DIRECTIONS — Omit the pictures, and output the rest of the entries exactly as written.

======== DATA EXTRACTS

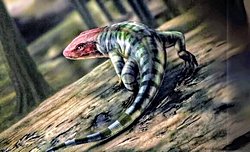 Yeni Fosil Keşfi, Sürüngen Evrimini 40 Milyon Yıl Geriye Götürdü.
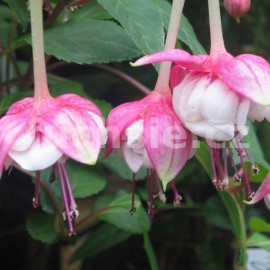 fuchsie Rosse Draco - Fuchsia Rosse Draco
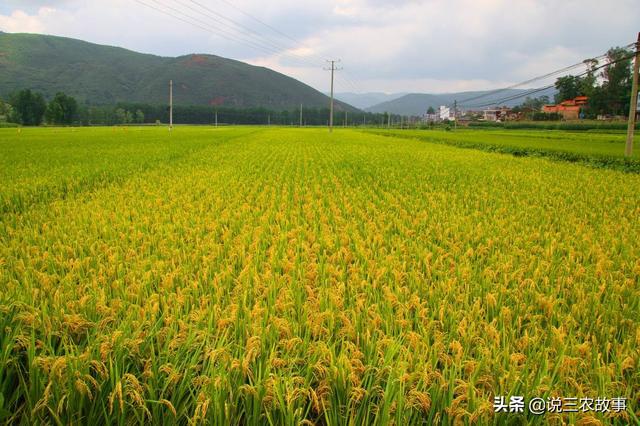 他是如何通过稻鳅套养和绿化生态水稻种植达到年收入1580万元？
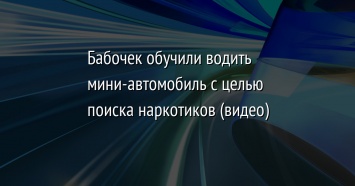 Бабочек обучили водить мини-автомобиль с целью поиска наркотиков (видео)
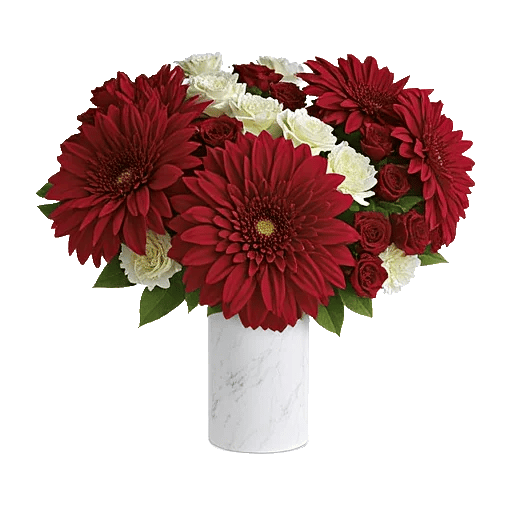 Crimson Blossom Harmony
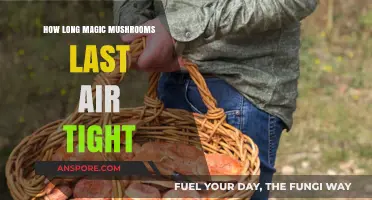 Magic Mushrooms Shelf Life: Airtight Storage Duration Explained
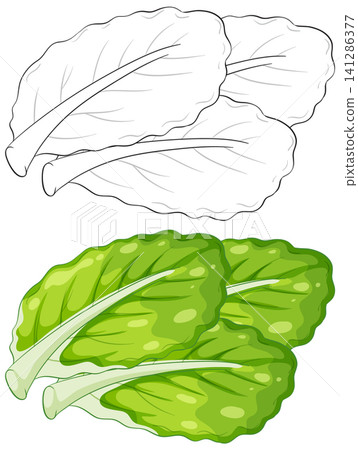 Fresh Green Lettuce Leaves Vector Illustration and Line Art Set Fresh Green Lettuce Leaves Vector Illustration and Line Art Set 141286377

================

EXERCISE RESULT —
 Yeni Fosil Keşfi, Sürüngen Evrimini 40 Milyon Yıl Geriye Götürdü.
 fuchsie Rosse Draco - Fuchsia Rosse Draco
 他是如何通过稻鳅套养和绿化生态水稻种植达到年收入1580万元？
 Бабочек обучили водить мини-автомобиль с целью поиска наркотиков (видео)
 Crimson Blossom Harmony
 Magic Mushrooms Shelf Life: Airtight Storage Duration Explained
 Fresh Green Lettuce Leaves Vector Illustration and Line Art Set Fresh Green Lettuce Leaves Vector Illustration and Line Art Set 141286377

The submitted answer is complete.